A Organização das Nações Unidas (ONU) indicou nesta segunda-feira que o número de ataques tecnológicos para fins políticos ou militares, patrocinados por Estados ou não, quase quadruplicou desde 2015, alertando que as próprias redes sociais permitem disseminar a desinformação.
Num 'briefing' sobre tecnologia e segurança no Conselho de Segurança, convocado pelos Estados Unidos e focado no "uso de tecnologias digitais na manutenção da paz e segurança internacionais", a subsecretária-geral da ONU para Assuntos Políticos e de Consolidação da Paz, Rosemary DiCarlo, manifestou grande preocupação com atividades maliciosas voltadas para infraestruturas que fornecem serviços públicos essenciais, de saúde e até humanitárias.
"Os benefícios das tecnologias digitais para a manutenção de paz e segurança internacionais são múltiplos. No entanto, os avanços na tecnologia também criaram novos riscos significativos e podem afetar a dinâmica de conflito para pior", alertou.
"Atores não estatais estão a tornar-se cada vez mais adeptos do uso de tecnologias digitais de baixo custo e amplamente disponíveis para prosseguir as suas agendas. Grupos como ISIL e Al-Qaeda permanecem ativos nas redes sociais, usando plataformas e aplicações de mensagens para compartilhar informações e comunicar-se com os seguidores para fins de recrutamento, planeamento e captação de recursos", disse DiCarlo.
Segundo a subsecretária-geral, a crescente disponibilidade de métodos de pagamento digital, como criptomoedas, traz desafios adicionais.

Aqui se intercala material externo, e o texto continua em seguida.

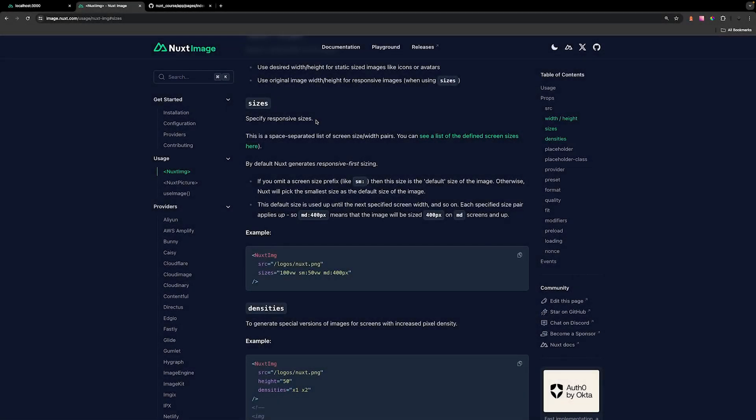Now with the Nuxt image component, we have the ability to specify responsive sizes for images, which is something that you'll more commonly do when building out applications.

"Máquinas com poder e discrição de tirar vidas sem envolvimento humano são politicamente inaceitáveis, moralmente repugnantes e devem ser proibidas por lei internacional", apelou ainda.
Redes e desinformação
Outra das preocupações enumeradas por Rosemary DiCarlo é o uso crescente de 'apagões' da Internet, inclusive em situações de conflito ativo, que privam as comunidades dos seus meios de comunicação, trabalho e participação política, citando o caso específico de Myanmar, em que casos destes cresceram em número e duração desde o golpe militar de 1 de fevereiro de 2021, principalmente em áreas de operações militares.
Nem as próprias empresas donas das redes sociais escaparam das críticas das Nações Unidas, que frisaram que a resposta dada pelas companhias por vezes não é a mais eficaz para prevenir comportamentos criminosos.
"As redes sociais podem alimentar a polarização e, às vezes, a violência. O mau uso das redes sociais – e a resposta às vezes limitada ou não totalmente adequada das empresas de redes sociais – está a permitir a disseminação de desinformação, radicalização até chegar à violência, racismo e misoginia. Isso pode aumentar as tensões e, em alguns casos, exacerbar o conflito", afirmou DiCarlo perante o Conselho de Segurança.
Outro dos casos citados foi o da Etiópia, em que, com a escalada dos combates, se registou um "aumento alarmante" de publicações nas redes sociais espalhando retórica inflamatórias, como incitações a violência étnica.
A ONU também informou que a desinformação pode prejudicar a capacidade das suas próprias missões em implementar os seus mandatos, exacerbando falsidades e alimentando a polarização.
"No Iraque, por exemplo, após relatos de aumento do assédio online de candidatas femininas nas eleições do ano passado, a UNAMI [Missão de Assistência das Nações Unidas para o Iraque] fez parcerias com organizações da sociedade civil para monitorizar o discurso de ódio, emitir relatórios públicos e fortalecer a educação do eleitor", explicou.
"Devemos abraçar plenamente as oportunidades oferecidas pelo digital para promover a paz. Mas, para isso, devemos também mitigar os riscos que tais tecnologias representam e promover o seu uso responsável por todos os atores", acrescentou.
ONU incentivada a ter papel mais ativo
Também o professor adjunto da Universidade McGill, Dirk Druet, foi um dos convidados a intervir neste 'briefing' do Conselho de Segurança e citou a guerra da Rússia na Ucrânia como um exemplo onde as tecnologias estão a ser usadas para moldar a narrativa pública.
Nesse sentido, Druet, que é investigador, consultor de políticas e estratego com mais de uma década de experiência no pilar internacional de paz e segurança das Nações Unidas, sugeriu que a própria ONU assuma um papel mais explícito e deliberado como ator da informação em ambientes de conflito.
Apesar das preocupações, a ONU frisou que as tecnologias digitais fazem parte do seu trabalho diário de prevenção de conflitos, pacificação e construção da paz.
Um desses casos é no Iémen, onde a Missão das Nações Unidas de apoio ao Acordo de Hudaydah (UNMHA) usou várias ferramentas de mapeamento, sistemas de informação geográfica e tecnologia de satélite para melhorar a sua monitorização do cessar-fogo na região.